LET THE WORD SPREAD from the rolling Lafayette hills to the valleys below Camino Tassajara, from atop Mount Diablo to the straw-gold grass of Antioch’s Black Diamond Mines:

Contra Costa County finally has a picture book.

It’s about time.

At least that’s what everyone has been telling authors Frank Haegeland and Ilpo Okkonen ever since they came up with idea for their book, “Scenic Contra Costa County, ” which was slipped into shelves this past week. Everyone includes folks stopping by their San Francisco Book Festival booth, publishers and one bookstore manager who, upon hearing their proposal, leapt out of her chair yelling, “Yippee!”

“She was a large woman, too, ” the bearded Okkonen recalled during a interview at the festival last weekend.

While the independent bookstores latched onto the idea, the chains needed to see the finished product before they would allow the book to bypass the standard distribution channels, prohibitive for a small company such as Haegeland’s MBIC.

Haegeland, a Martinez resident who also has lived in Moraga, had considered making a coffee-table book about the area for about 20 years. He had acquired many books, but they mostly focused on stories from the distant although fascinating historical past. None depicted the twisting, flower-lined roads that he walked, or the hills’ velvet sheen that he admired. There was nothing to send to his native Norway to show friends and relatives: This is Contra Costa County, this is home.

So when his longtime friend Okkonen attended his wedding last year, Haegeland decided to make his move. Okkonen, a photographer, had won awards in his native Finland for his stunning books, which were given to visiting dignitaries such as Queen Elizabeth II and Pope John Paul II.

The two had often half-joked about doing one here. This time, Haegeland told him, “We have to do it. Ilpo, I’m real serious.”

“It was like a dream come true to come here, ” said Okkonen, who first visited in the mid-’80s. The project took about four visits of two to four weeks each and about 10,000 frames of film. Haegeland chose the sites, and Okkonen the details.

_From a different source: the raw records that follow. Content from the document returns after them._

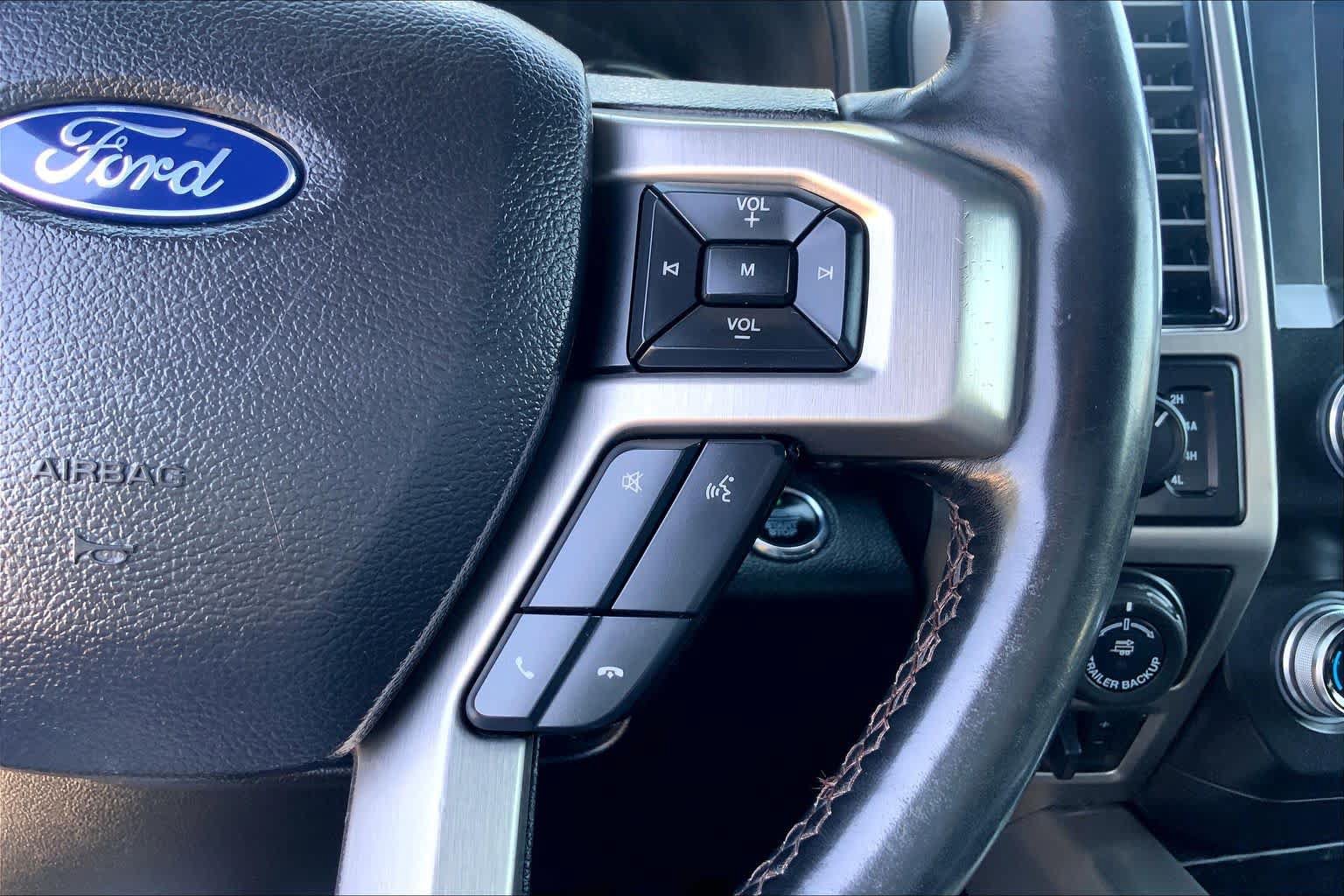 Used 2020 Ford F150 Platinum w/ Equipment Group 701A Luxury AWD/4WD image 25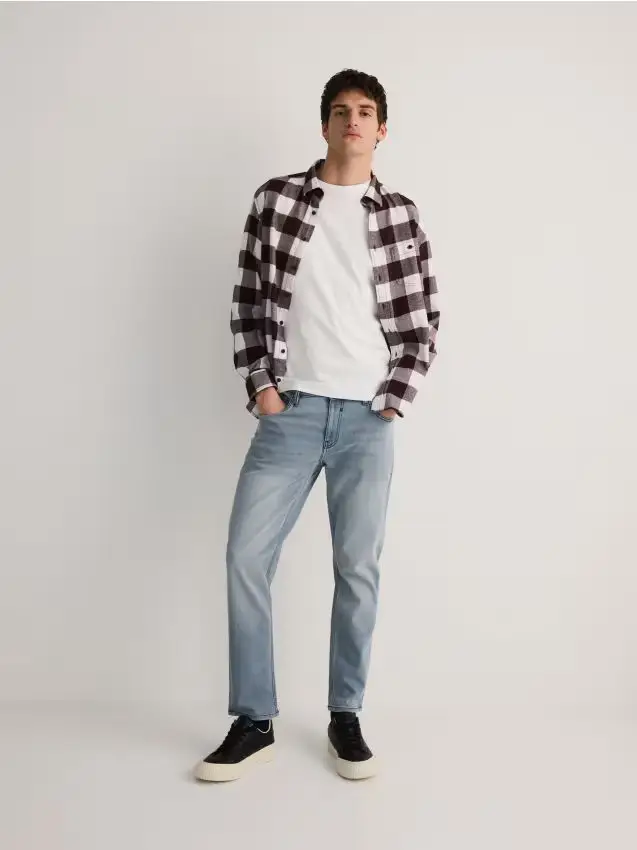 Jeans slim con effetto slavato - grigio chiaro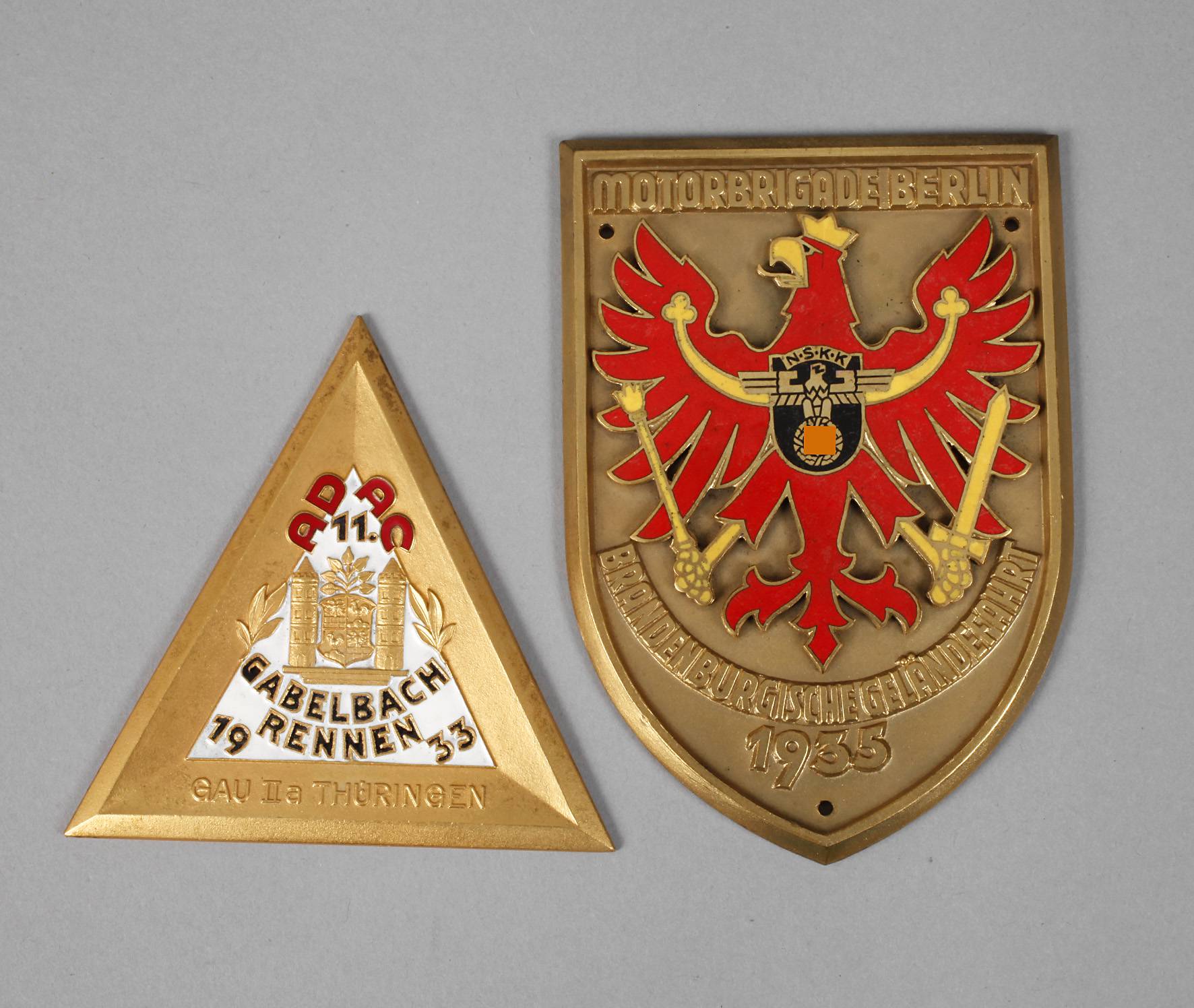 Zwei Automobilplaketten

“Scenic Contra Costa County” is their first professional collaboration, although they’ve been friends for years through a rather convoluted relationship. “My first wife, ” Haegeland explains, “her first boyfriend when she was 14 years old was (Okkonen’s elder) brother. And then she and Ilpo and a bunch of other people became friends.” They eventually shared student housing. Haegeland met them all and hit it off with Okkonen.

“I feel like Frank is my brother, ” Okkonen says, “but better than a brother because I fight with my older brother.” No fights in the professional relationship, either. “We were having so much fun making this book. We were laughing and yelling.”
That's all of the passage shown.